What about a nipple shield? I used one with DD because of flat nipples and it makes them stick out a lot more. They would help with the soreness and maybe with the palate issues too? I know I've read that they can cause problems with low supply, but with pumping and nursing, maybe that won't be an issue? (it never was for me, I could have fed the whole neighborhood :LOL)

Anyway, it's worth asking your LC what she thinks. Good luck!
Thanks for the continued replies. I have in fact tried a nipple shield. I use it only when I am desperate, because although it provides some relief, it seems to screw up her latch and cause her to want to latch more shallowly. I am also worried about the bottles messing up her latch. They do seem to affect it slightly. She also is quicker to be impatient with slow letdown these days. I may buy a Lact-Aid.

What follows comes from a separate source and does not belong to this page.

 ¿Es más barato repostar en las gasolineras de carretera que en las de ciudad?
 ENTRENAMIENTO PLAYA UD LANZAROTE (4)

Her gut flora is no longer "virgin" anyway because she was supplemented briefly a few days after birth on an LC's orders. We acquiesced out of fear. I don't think it was necessary.
: I guess I wonder...aside from the obvious issue of losing supply, can anyone tell me clearly what the risks are of supplementing a little at this age? Do I increase her risk of diabetes, etc or is that only with NO breastmilk? She seems to have wonderful immunity, btw; has never been sick.

I would love to ask my friend for some stashed milk, but I sense that she is not the type to agree. She is very hygiene-oriented and I think it would freak her out. I wish there was a way to buy breastmilk from clean-living mamas. Wouldn't that be something?